ArthurChapman commented 1 year ago

Following discussion above - I suggest altering the Note from

The results of this test are time-dependent. Next year is not valid now. Next year it will be. This test provides the option to designate lower and upper limits to the year. The upper limit, if not provided, should default to the year when the test is run. This test provides for a default earliest date, which is 1582-11-15 by convention. That date is supportable on the basis of ISO 8601-1 asserting that "the use of proleptic Gregorian calendar dates prior are not allowed in ISO 8601-1 without prior agreement of the parties exchanging data".

To

The results of this test are time-dependent. Next year is not valid now. Next year it will be. This test provides the option to designate lower and upper limits to the year. The upper limit, if not provided, should default to the year when the test is run. This test provides for a default earliest date (year), of 1582 by convention.
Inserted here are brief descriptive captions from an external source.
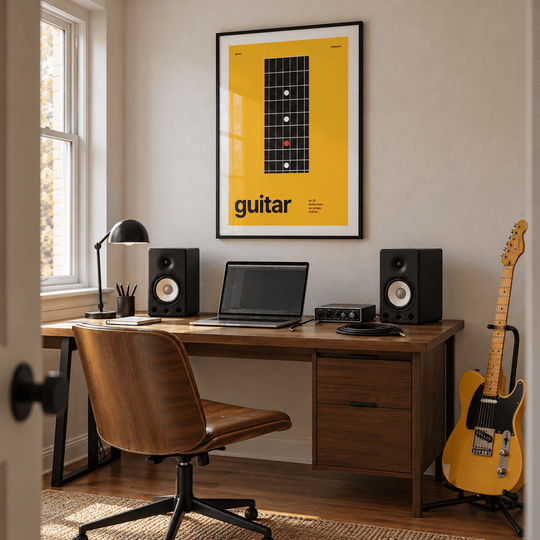 Twelve Frets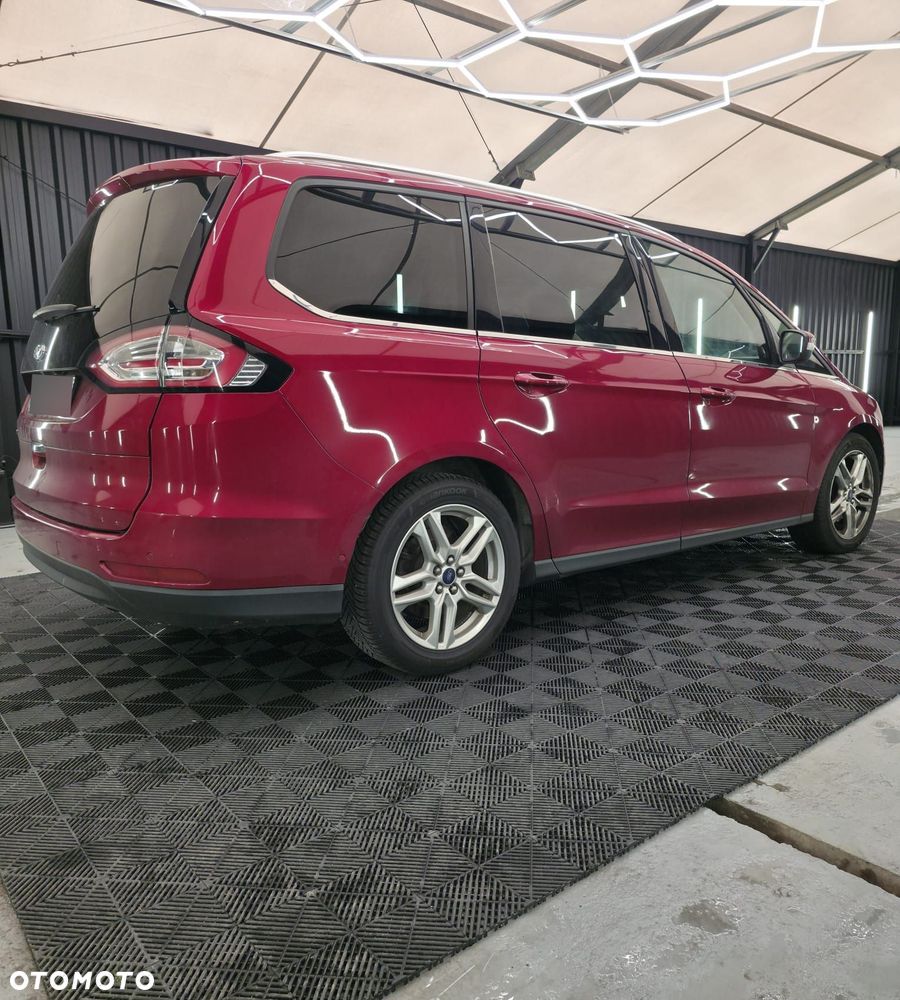 Ford Galaxy 2.0 TDCi Titanium PowerShift - 4
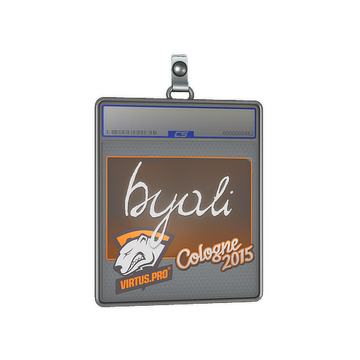 Sticker Slab | byali | Cologne 2015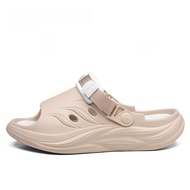 NB CROSS | รองเท้าแตะ NB Cross สำหรับผู้ชาย ฤดูร้อน 2024 รองเท้าแตะกลางแจ้งแบบสวมสบาย ระบายอากาศได้ด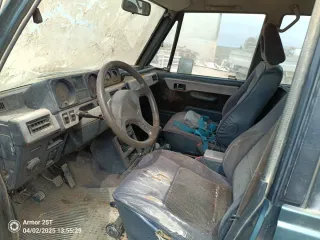 Mitsubishi Montero 1991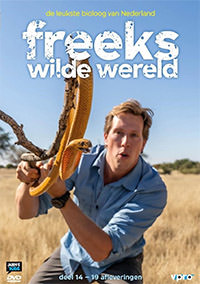DVD: Freeks wilde wereld - Deel 14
That date is supportable on the basis of ISO 8601-1 asserting that "the use of proleptic Gregorian calendar dates prior are not allowed in ISO 8601-1 without prior agreement of the parties exchanging data".
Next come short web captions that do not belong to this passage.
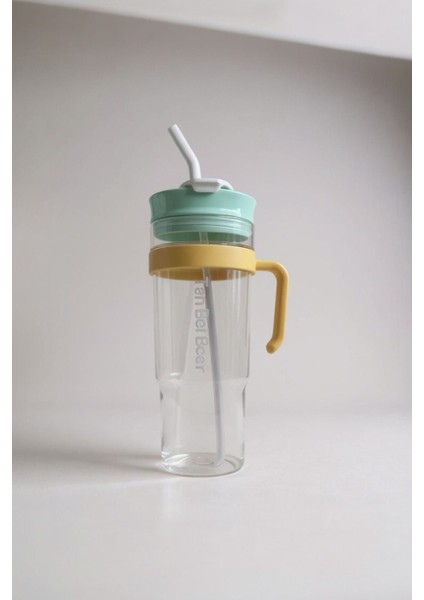 1200 ml Pipetli Suluk, Spor ve Kamp Için Sert Plastik Matara fiyatları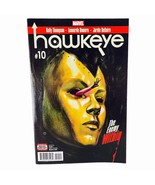 Hawkeye #10 Vol 3 2017 1st Print Comic Book Kate Bishop Marvel - £5.05 GBP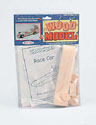 CC-114 Wood Model Race Car Kit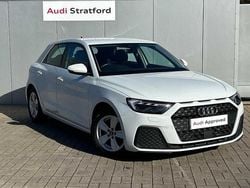 White Used 2023 Audi A1 Design Hatchback | £16,973 (Fair price)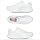 Skechers Women's Go Run Consistent 2.0 Sumpter Trail Sneaker, White, 8 Wide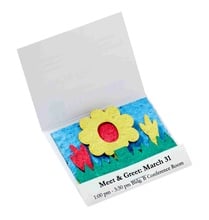 Seed Paper Matchbook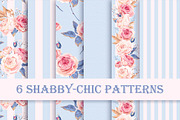 Shabby-chic Patterns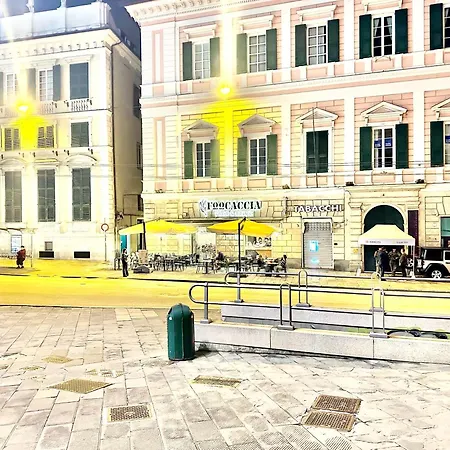 The Center Apartment Genoa
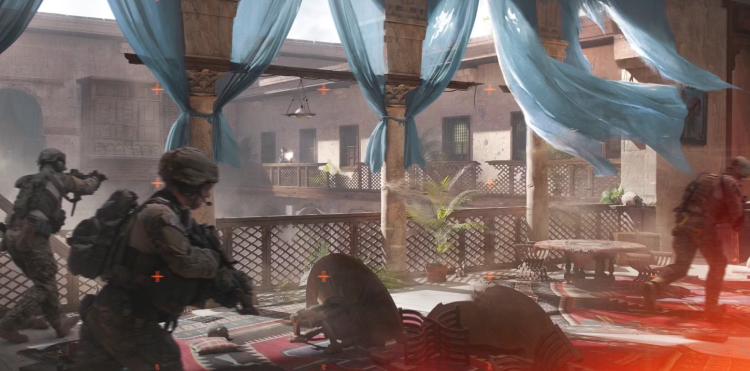 Battlefield 6 Leak bekrefter Battle Royale-modus 1
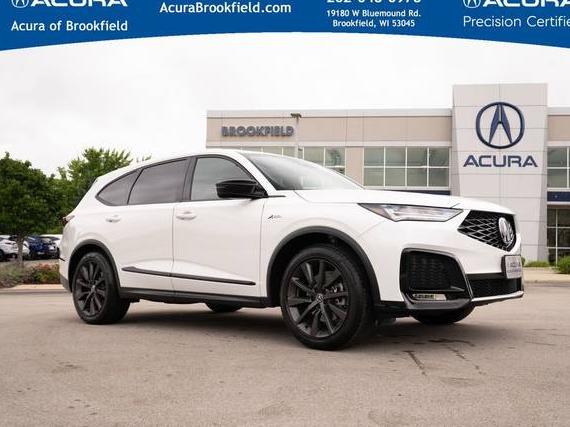 ACURA MDX 2025 5J8YE1H0XSL014442 image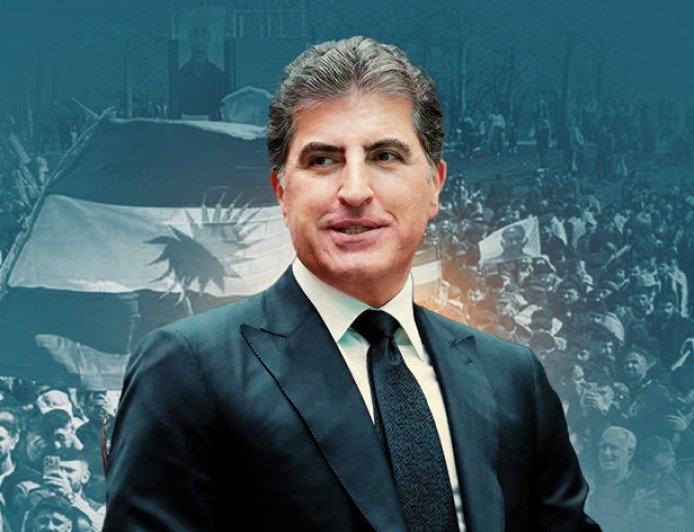 Başkan Neçirvan Barzani’den Diyarbakır Newroz mesajı: “Türkiye’de barışın sağlanması tarihi bir görevdir”
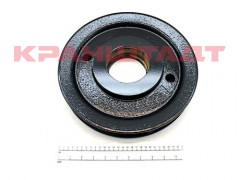 50001073 SHEAVE; ROPE SHEAVE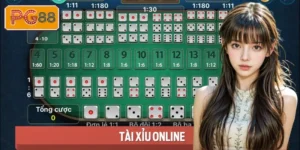 Tài Xỉu Online - Hướng Dẫn Cách Chơi Dễ Thắng Tại PG88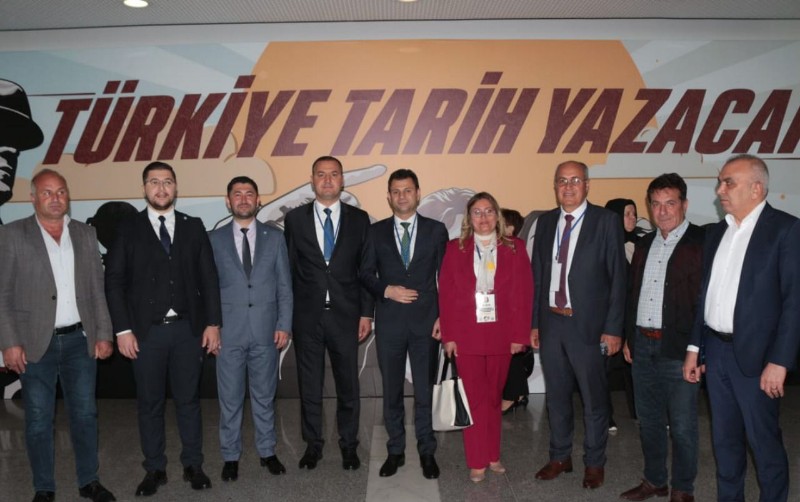 Ertürk: Söz veriyorum, güzel yarınları hep birlikte kuracağız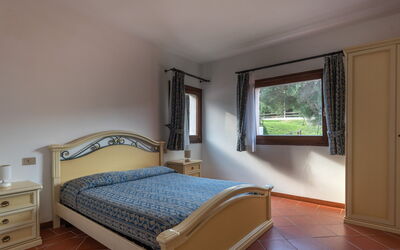 Feriebolig:&nbsp;Le Canne With Shared Pool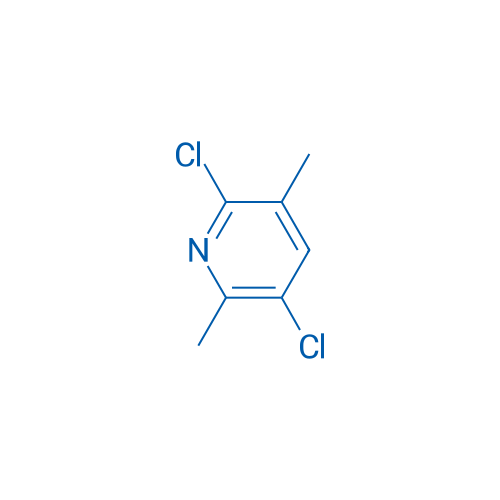 2,5-Dichloro-3,6-dimethylpyridine 5g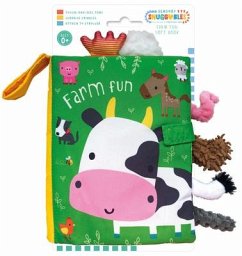 Sensory Snuggables Farm Fun - Make Believe Ideas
chicoreus commented 1 year ago

@ArthurChapman I suggest we change "supportable on", language that we are using in the discussion, to a conclusion "chosen because", and perhaps adding "and Darwin Core provides no such prior agreement." Thus suggest rephrasing to:

The results of this test are time-dependent. Next year is not valid now. Next year it will be. This test provides the option to designate lower and upper limits to the year. The upper limit, if not provided, should default to the year when the test is run. This test provides for a default earliest date (year), of 1582 by convention. That value was chosen because ISO 8601-1 asserts that "the use of proleptic Gregorian calendar dates prior are not allowed in ISO 8601-1 without prior agreement of the parties exchanging data", and Darwin Core provides no such prior agreement.

ArthurChapman commented 1 year ago

Agree @chicoreus and Note changed

ArthurChapman commented 1 year ago

I think all is now OK with this test so have removed the NEEDS WORK

ArthurChapman commented 1 year ago

@tasilee, @chicoreus - For consistency with other tests, should Expected Response be changed from

INTERNAL_PREREQUISITES_NOT_MET if dwc:year is not present, or is EMPTY or cannot be interpreted as an integer; COMPLIANT if the value of dwc:year is within the Parameter range; otherwise NOT_COMPLIANT

to

INTERNAL_PREREQUISITES_NOT_MET if dwc:year is not present, or is EMPTY or cannot be interpreted as an integer; COMPLIANT if the value of dwc:year is within the range bdq:earliestValidDate to bdq:latestValidDate inclusive; otherwise NOT_COMPLIANT

chicoreus commented 1 year ago

On Tue, 27 Jun 2023 16:02:51 -0700 Arthur Chapman @.***> wrote:

@tasilee, @chicoreus - For consistency with other tests, should Expected Response be changed from

INTERNAL_PREREQUISITES_NOT_MET if dwc:year is not present, or is EMPTY or cannot be interpreted as an integer; COMPLIANT if the value of dwc:year is within the Parameter range; otherwise NOT_COMPLIANT

to

INTERNAL_PREREQUISITES_NOT_MET if dwc:year is not present, or is EMPTY or cannot be interpreted as an integer; COMPLIANT if the value of dwc:year is within the range bdq:earliestValidDate to bdq:latestValidDate inclusive; otherwise NOT_COMPLIANT

Yes. We should be consistent.

ArthurChapman commented 1 year ago

OK - updated Expected Response and Specification Last Updated

Tasilee commented 1 year ago

Splitting bdqffdq:Information Elements into "Information Elements ActedUpon" and "Information Elements Consulted".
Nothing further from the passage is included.